Often times you would want to save python objects for later use. For example, a dataset you constructed which could be used for several projects, or a transformer object with specific parameters you want to apply for different data, or even a machine learning learning model you trained.
This is how to do it. First, we will create a dummy data using numpy
.
import numpy as np
a = np.random.chisquare(45, size=(10000, 50))
Let’s say you want to transform it using the quantile transformer and save the transformed data for later use. Following is how you would transform it.
from sklearn.preprocessing import QuantileTransformer
qt = QuantileTransformer(n_quantiles=1000, random_state=10)

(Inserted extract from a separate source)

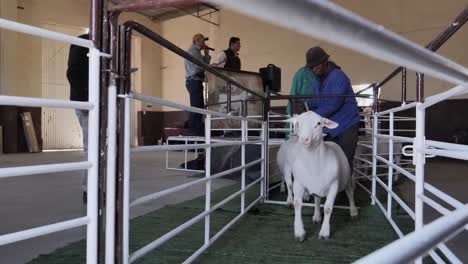 Worker-moves-White-Dorper-sheep-for-sale-through-narrow-chute-at-auction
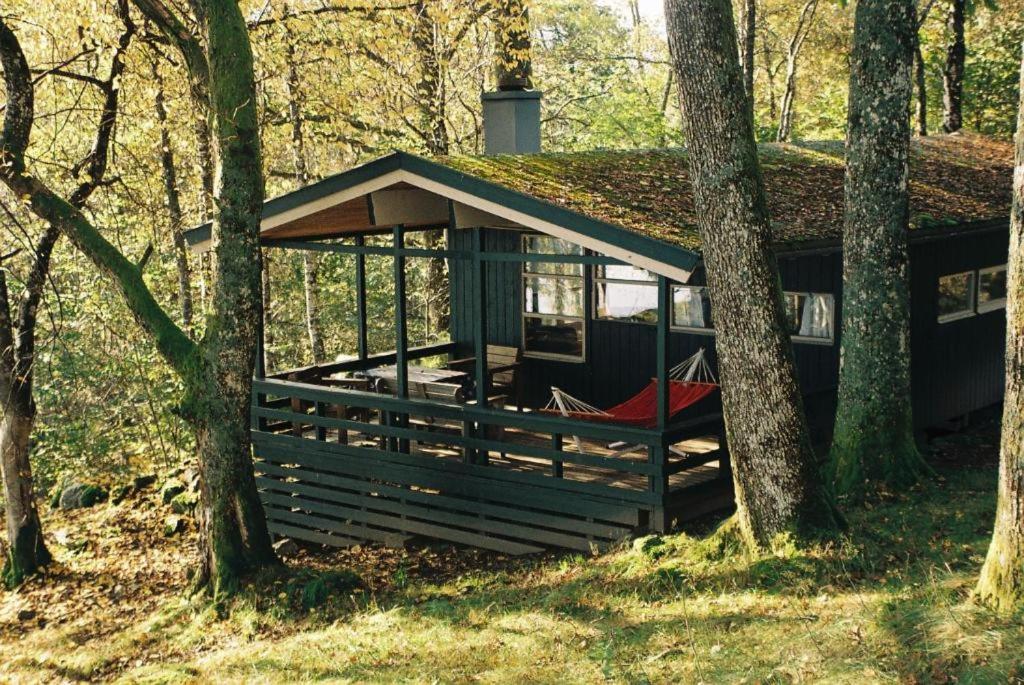 Hardanger Feriesenter Neshagen - B&B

a_qt = qt.fit_transform(a)
Save python objects
To save a_qt
using joblib
the dump
method is used.
import joblib
joblib.dump(a_qt, 'out/a_qt.pckl')
You can even save the transformer object qt
.
joblib.dump(qt, 'out/qt.pckl')
Load python objects
To load the objects we use the joblib
method load
.
# load array
b_qt = joblib.load('out/a_qt.pckl')
# load transformer
qt2 = joblib.load('out/qt.pckl')
You can verify that the saved objects and loaded objects are same, by printing the arrays or printing the class
of the objects.
print('Shape of a_qt: ', a_qt.shape)
print('Shape of b_qt: ', b_qt.shape)
print('Class of qt', type(qt))
print('Class of qt2', type(qt2))
Shape of a_qt: (10000, 50)
Shape of b_qt: (10000, 50)
Class of qt <class 'sklearn.preprocessing._data.QuantileTransformer'>
Class of qt2 <class 'sklearn.preprocessing._data.QuantileTransformer'>